Louis Latouche (20 September 1829 – 24 August 1883) was a French painter, pigment dealer, framer and art dealer, notable as a defender of Impressionism. He was born in La Ferté-sous-Jouarre and died in hospital at Saint-Dié-des-Vosges.

He was a friend and supplier to several painters, dealing with them via his wife. Their shop was at the corner of rue Laffitte and rue La Fayette in Paris. Their clients and friends included Camille Pissarro, Paul Gachet and Amand Gautier, with whom he often went to Berck. He supported them, exhibiting their work and letting them meet in his home in the evenings- it was there that they originated the idea of a 'salon des refusés', supported by Alfred Sisley, Camille Pissarro, Frédéric Bazille and Auguste Renoir, who lodged an unsuccessful petition for such a salon in 1867 in contrast to the official Salon of 1867.
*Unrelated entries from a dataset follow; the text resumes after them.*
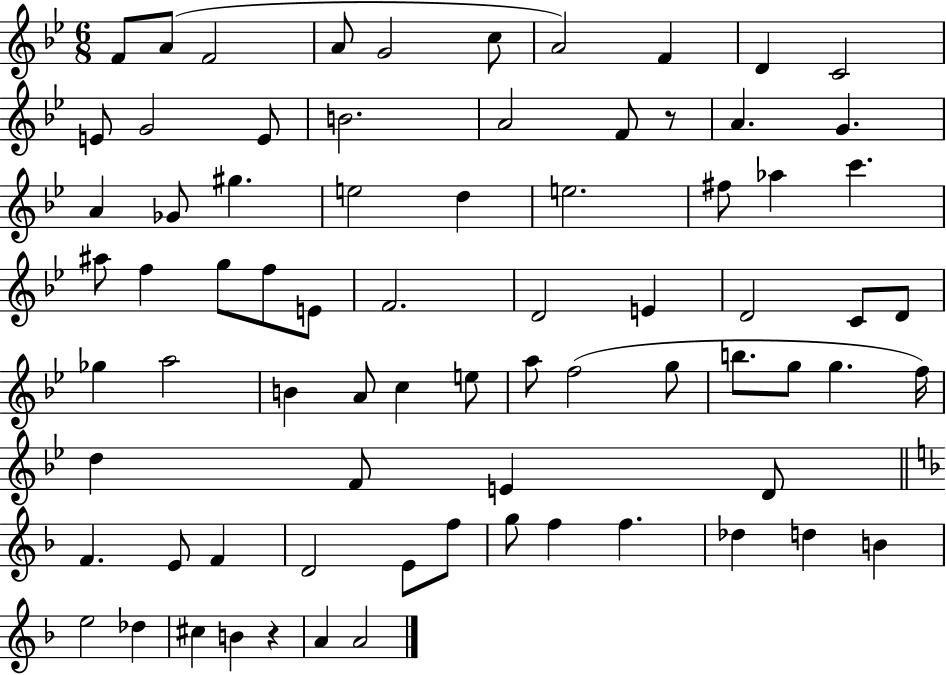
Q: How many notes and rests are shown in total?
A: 75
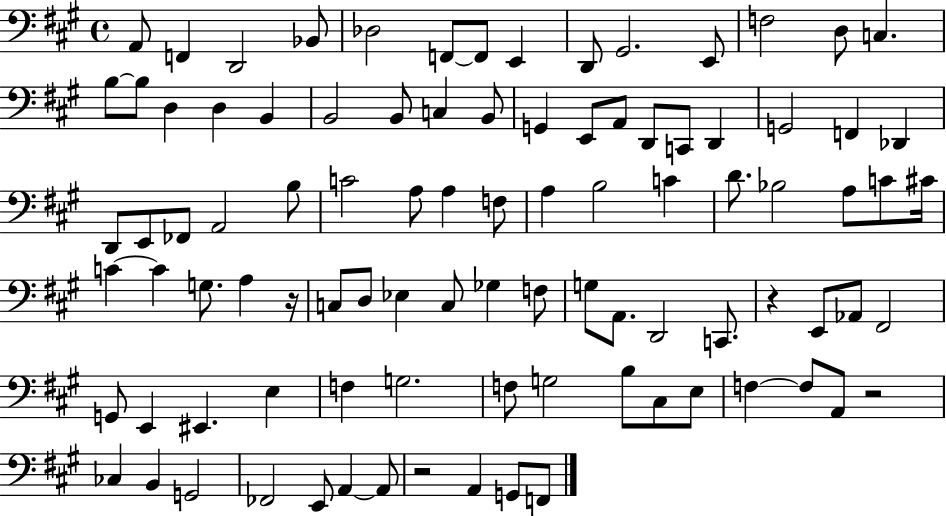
{
  \clef bass
  \time 4/4
  \defaultTimeSignature
  \key a \major
  a,8 f,4 d,2 bes,8 | des2 f,8~~ f,8 e,4 | d,8 gis,2. e,8 | f2 d8 c4. | \break b8~~ b8 d4 d4 b,4 | b,2 b,8 c4 b,8 | g,4 e,8 a,8 d,8 c,8 d,4 | g,2 f,4 des,4 | \break d,8 e,8 fes,8 a,2 b8 | c'2 a8 a4 f8 | a4 b2 c'4 | d'8. bes2 a8 c'8 cis'16 | \break c'4~~ c'4 g8. a4 r16 | c8 d8 ees4 c8 ges4 f8 | g8 a,8. d,2 c,8. | r4 e,8 aes,8 fis,2 | \break g,8 e,4 eis,4. e4 | f4 g2. | f8 g2 b8 cis8 e8 | f4~~ f8 a,8 r2 | \break ces4 b,4 g,2 | fes,2 e,8 a,4~~ a,8 | r2 a,4 g,8 f,8 | \bar "|."
}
Louis Latouche was sometimes called ‘Père Latouche’, in reference to Père Tanguy and another art dealer, Père Martin (Pierre Firmin Martin, 1817-1891), who was a neighbour in Rue Laffitte.

When Louis Latouche died in 1883, his wife continued to run the business alone until 1887. The Impressionists, such as Paul Gauguin and Vincent van Gogh, had their paintings stretched and framed by Latouche. When Vincent went to his brother Theo's gallery, he would pass by the corner of Rue Laffitte and Rue Lafayette.